• Try it: Go to the line containing "Pantalon Cargo Jean" in the records below and print it and every following line exactly, on through the line containing "Pattern Background Vintage", then stop.

• Extracted material:
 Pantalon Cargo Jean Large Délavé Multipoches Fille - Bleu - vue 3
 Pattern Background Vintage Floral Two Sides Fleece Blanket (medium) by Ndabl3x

--

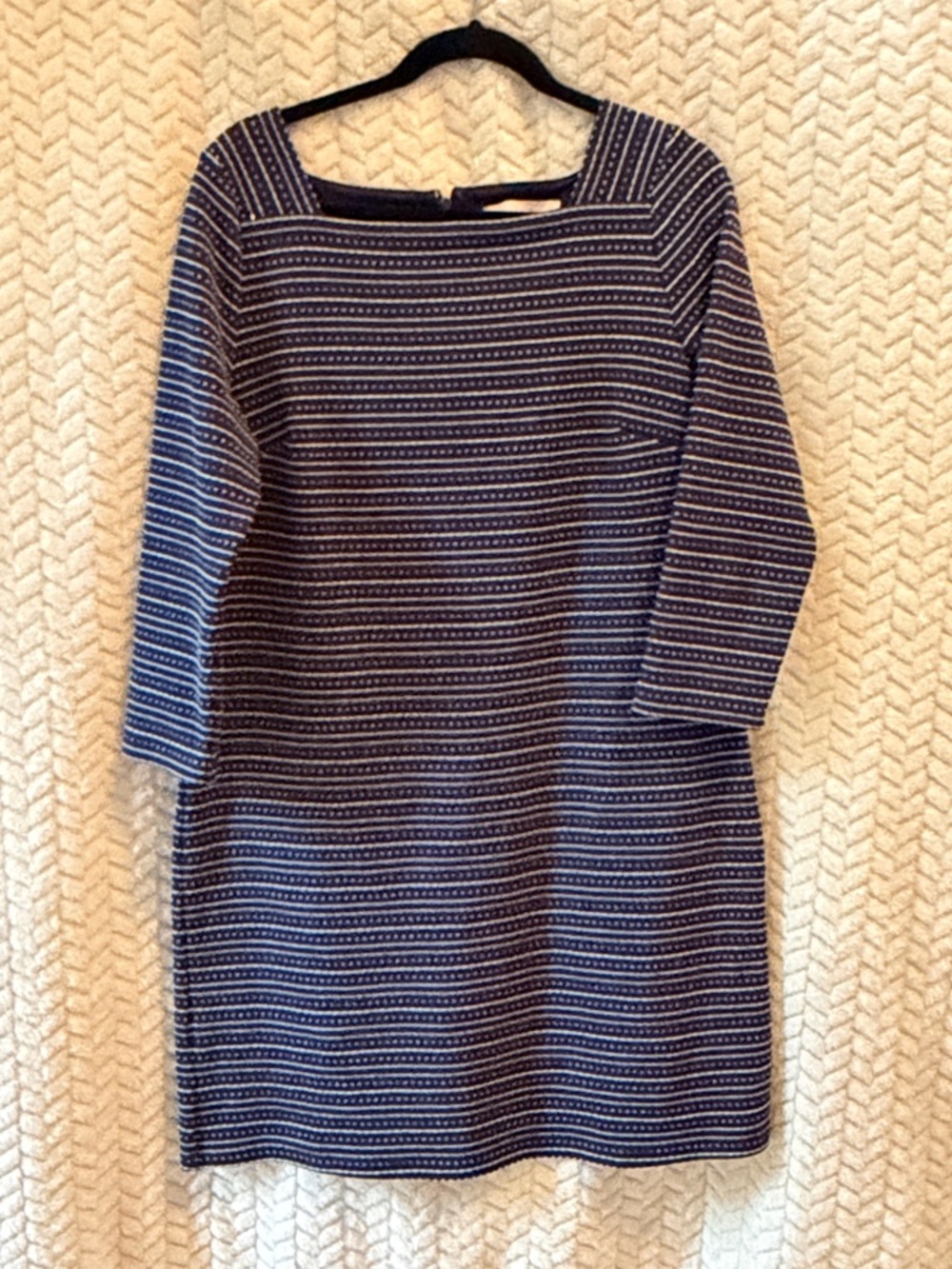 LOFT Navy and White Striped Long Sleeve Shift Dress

* * *

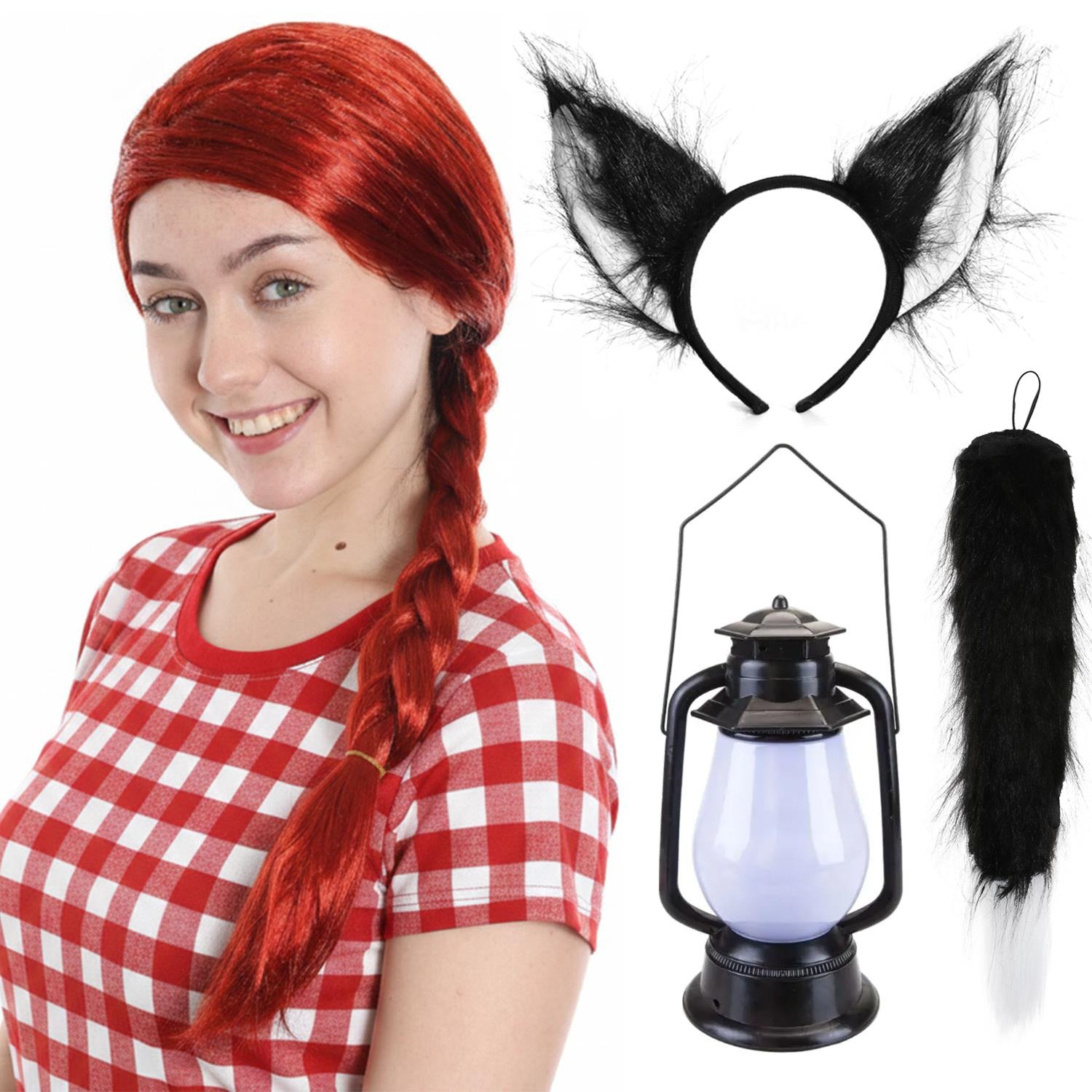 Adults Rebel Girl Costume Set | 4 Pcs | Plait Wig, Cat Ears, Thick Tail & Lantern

• Response to this task:
 Pantalon Cargo Jean Large Délavé Multipoches Fille - Bleu - vue 3
 Pattern Background Vintage Floral Two Sides Fleece Blanket (medium) by Ndabl3x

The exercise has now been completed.